» **Exercise objective**
No line before the one containing "this 600×450 image." is to be output; retype exactly that line and all lines that follow it to the end of the records.

» **Supplied data**
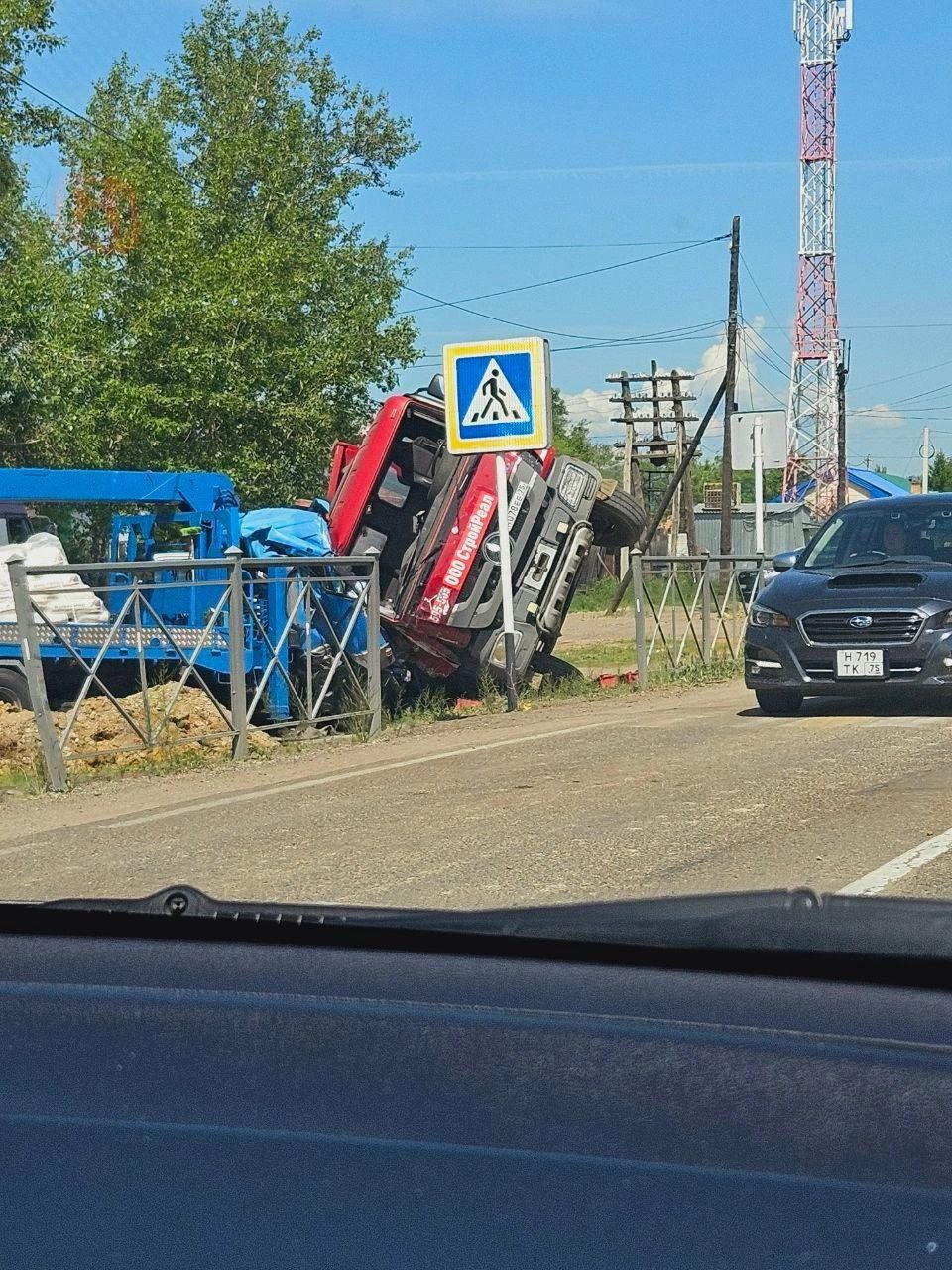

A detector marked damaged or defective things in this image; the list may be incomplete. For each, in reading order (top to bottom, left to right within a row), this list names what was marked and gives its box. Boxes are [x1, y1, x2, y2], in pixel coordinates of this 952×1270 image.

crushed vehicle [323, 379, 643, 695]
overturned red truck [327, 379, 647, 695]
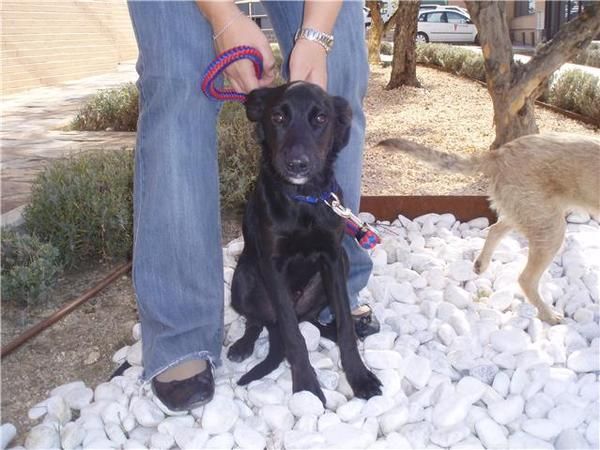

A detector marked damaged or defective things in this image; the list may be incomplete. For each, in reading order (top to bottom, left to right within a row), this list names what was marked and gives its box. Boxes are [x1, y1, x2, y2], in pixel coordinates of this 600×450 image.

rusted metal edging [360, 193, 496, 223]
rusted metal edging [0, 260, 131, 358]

» **Result below**
A detector marked damaged or defective things in this image; the list may be incomplete. For each, in reading order (top to bottom, left to right within a row), this list names what was marked and gives its box. Boxes are [x1, y1, x2, y2], in pixel coordinates of this 600×450 image.

rusted metal edging [360, 193, 496, 223]
rusted metal edging [0, 260, 131, 358]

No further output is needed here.